The distribution of parities in the figure is centered around 1, as expected. However, some institutions do not lend to minorities at all (zero parity), while some lend more than the market (parities above 1).
The figure identifies institution-MSA pairs in which lending to minorities is economically and statistically significantly different from the market. In 2024:
800 institutions had parities below 0.5 (i.e., significantly underperforming the market) in at least one MSA, 687 are depository institutions or their subsidiaries/affiliates.
14 institutions marked with red ("high risk") had parities below 0.5 in at least one MSA with 1000 applications or more, i.e., they underperfomed at-scale.
Economically significant deviations from parity are almost always statistically significant. Of 1350 parities below 0.5, 99% were statistically significant at the 95% confidence level.
Interestingly, banks perform worse in lending to minorities than non-bank lenders.
The distribution of parities worsens when one excludes mortgage lenders unaffiliated with banks: e.g., the mean parity shifts from 1.0 to 0.917, and the proportion of institutions with parity of 0.5 or less increases from 8.5% to 12.5%, which is material.*
Of the 14 high risks identified above, only one is a non-bank lender. Some of the lowest parities correspond to large banks with thousands of applications/loans in a single metropolitan area.
What should banks do?
Understand your performance, including if disparities are persistent or deteriorating.
Compare to various peer groups, not just the market.
Look beyond HMDA, especially marketing, exceptions, and complaints data.

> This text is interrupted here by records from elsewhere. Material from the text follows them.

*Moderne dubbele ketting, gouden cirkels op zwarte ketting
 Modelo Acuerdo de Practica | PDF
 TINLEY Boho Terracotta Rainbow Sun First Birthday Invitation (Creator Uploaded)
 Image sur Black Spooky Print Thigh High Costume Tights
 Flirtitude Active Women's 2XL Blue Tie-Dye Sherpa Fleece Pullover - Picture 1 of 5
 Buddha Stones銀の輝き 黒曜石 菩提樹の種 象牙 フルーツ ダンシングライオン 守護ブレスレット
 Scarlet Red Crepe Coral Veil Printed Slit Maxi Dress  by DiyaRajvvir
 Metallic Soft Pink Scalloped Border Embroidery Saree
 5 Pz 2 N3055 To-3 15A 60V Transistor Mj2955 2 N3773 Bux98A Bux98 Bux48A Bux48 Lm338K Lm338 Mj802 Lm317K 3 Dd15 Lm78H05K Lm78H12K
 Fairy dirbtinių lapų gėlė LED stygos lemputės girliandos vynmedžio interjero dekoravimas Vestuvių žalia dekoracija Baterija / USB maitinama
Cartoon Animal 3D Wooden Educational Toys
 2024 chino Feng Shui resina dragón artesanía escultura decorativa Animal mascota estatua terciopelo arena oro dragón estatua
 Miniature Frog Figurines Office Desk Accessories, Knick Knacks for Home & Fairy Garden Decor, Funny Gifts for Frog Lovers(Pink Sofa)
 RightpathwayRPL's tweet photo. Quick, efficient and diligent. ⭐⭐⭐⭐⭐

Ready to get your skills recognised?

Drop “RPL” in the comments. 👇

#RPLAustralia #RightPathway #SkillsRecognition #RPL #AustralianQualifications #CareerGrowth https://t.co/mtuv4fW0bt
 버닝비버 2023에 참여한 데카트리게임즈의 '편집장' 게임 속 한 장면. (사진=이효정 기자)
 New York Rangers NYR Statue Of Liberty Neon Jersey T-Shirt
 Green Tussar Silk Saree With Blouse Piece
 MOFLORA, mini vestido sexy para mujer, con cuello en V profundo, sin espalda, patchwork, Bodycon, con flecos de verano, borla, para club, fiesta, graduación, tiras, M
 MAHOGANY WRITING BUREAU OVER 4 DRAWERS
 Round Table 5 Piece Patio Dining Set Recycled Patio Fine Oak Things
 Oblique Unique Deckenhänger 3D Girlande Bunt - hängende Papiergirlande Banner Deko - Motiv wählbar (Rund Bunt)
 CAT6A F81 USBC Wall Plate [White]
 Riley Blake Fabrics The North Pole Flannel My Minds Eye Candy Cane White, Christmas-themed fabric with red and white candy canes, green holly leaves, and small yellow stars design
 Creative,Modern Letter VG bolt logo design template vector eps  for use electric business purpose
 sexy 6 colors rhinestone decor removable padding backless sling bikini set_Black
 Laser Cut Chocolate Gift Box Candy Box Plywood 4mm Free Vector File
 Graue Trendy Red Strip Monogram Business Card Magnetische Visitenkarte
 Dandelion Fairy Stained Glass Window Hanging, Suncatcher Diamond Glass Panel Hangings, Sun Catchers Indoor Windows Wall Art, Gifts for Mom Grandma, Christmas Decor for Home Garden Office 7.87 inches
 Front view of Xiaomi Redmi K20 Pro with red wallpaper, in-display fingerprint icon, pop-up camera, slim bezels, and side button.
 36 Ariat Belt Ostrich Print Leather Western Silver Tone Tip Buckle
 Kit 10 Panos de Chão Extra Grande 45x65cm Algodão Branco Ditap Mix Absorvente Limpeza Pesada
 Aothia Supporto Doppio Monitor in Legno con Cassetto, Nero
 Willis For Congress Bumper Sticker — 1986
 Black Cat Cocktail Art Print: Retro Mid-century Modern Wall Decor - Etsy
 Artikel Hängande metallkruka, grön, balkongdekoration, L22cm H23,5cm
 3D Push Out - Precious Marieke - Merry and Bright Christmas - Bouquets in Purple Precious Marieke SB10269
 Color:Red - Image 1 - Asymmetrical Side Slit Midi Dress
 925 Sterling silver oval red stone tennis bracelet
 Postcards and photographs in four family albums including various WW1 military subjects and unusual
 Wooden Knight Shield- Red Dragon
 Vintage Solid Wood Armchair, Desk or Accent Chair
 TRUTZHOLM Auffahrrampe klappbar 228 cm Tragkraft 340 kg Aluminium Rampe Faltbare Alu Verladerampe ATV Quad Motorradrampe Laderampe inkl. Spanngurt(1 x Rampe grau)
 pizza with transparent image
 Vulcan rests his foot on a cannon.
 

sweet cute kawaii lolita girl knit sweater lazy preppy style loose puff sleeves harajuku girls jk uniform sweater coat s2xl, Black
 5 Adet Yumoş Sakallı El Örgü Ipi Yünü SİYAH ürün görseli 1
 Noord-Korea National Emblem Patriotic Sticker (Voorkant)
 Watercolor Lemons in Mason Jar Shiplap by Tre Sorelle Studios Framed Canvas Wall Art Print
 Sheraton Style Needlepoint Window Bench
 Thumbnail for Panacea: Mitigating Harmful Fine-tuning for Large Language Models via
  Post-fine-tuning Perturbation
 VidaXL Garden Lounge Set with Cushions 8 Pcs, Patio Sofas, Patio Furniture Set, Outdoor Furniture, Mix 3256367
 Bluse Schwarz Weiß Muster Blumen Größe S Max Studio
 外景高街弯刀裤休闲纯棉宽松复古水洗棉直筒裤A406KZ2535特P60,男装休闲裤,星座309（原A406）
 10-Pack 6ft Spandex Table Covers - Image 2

Leverage analytics to identify the best options to remediate (where to increase marketing, hire loan officers, expand self-testing?) and estimate the associated costs.
With potential deregulation and a simultaneous push for AI by the incoming administration, banks must move fast to stay ahead of the competition. While adopting AI solutions is likely to become easier, AI fairness and explainability will remain top concerns among regulators, and banks should build up their capabilities in those areas. In particular, the systematic search for less discriminatory alternatives may soon become a norm. It is also an excellent tool for managing AI model risk.
* The spike at parity=2.0 includes all observations at 2.0 and above.